Wage growth already moderating
Higher frequency data suggests that wage growth in the province has already eased from the robust pace seen last year. Looking at quarterly data shows that wage growth peaked in the second quarter of 2018. It moderated in the third quarter and by the final quarter of 2018 it had retreated to around 1% annually. The breakout by age groups shows that the 15-24-year cohort is still enjoying fairly strong wage growth, reflecting the ongoing impact of the higher minimum wage.
Highlights
- In 2018, the average hourly wage in B.C. rose by just over 4%, the strongest increase in a decade. Wage growth in B.C. was well ahead of the Canadian benchmark and was the strongest of any province. B.C.’s average hourly wage rate was lower than the Canada-wide average, but last year’s gain meant that the gap essentially closed.
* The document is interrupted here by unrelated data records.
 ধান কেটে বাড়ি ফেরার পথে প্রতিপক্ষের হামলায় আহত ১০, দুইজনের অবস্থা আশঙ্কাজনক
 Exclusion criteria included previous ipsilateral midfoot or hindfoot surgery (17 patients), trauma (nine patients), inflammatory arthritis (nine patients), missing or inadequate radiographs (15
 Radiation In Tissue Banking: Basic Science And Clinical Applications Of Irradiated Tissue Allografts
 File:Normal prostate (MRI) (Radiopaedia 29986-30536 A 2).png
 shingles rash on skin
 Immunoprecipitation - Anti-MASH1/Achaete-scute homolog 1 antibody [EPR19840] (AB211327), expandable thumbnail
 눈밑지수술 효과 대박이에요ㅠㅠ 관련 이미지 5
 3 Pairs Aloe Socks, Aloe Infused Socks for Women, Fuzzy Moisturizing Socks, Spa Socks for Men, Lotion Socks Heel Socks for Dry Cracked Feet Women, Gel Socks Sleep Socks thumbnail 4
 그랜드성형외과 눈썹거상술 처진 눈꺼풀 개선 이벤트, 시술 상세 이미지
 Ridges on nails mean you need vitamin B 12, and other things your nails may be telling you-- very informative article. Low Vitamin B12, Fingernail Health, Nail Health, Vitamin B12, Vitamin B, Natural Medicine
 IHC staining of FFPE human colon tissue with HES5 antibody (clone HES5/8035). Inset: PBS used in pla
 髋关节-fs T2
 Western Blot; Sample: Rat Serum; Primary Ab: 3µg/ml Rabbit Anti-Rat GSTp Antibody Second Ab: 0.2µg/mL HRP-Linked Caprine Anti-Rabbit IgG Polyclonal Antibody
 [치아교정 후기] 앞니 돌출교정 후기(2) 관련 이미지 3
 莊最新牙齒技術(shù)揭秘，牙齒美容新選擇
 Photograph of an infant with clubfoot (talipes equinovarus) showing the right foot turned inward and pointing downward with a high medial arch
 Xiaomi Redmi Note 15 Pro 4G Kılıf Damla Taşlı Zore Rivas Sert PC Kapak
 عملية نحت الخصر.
- Amid near-record low unemployment rates, tight labour market conditions fuelled wage growth. The 11% increase in the provincial minimum wage implemented in June 2018 was also a factor in the strong wage growth.
- When averaged over five year periods, B.C’s average hourly wage has consistently outpaced inflation over the past two decades, resulting in small real wage gains.
- Younger workers enjoyed the largest average hourly increase, reflecting the rise in the minimum wage. Workers 55 years and over also saw comparatively solid wage growth in 2018.
- Stronger wage growth was broadly-based, with most industries recording a gain in 2018 well above typical wage increases.
- The upswing in wage growth already appears to be moderating; quarterly data show that by the end of 2018 annual growth in B.C.’s average wage had reverted to around 1%.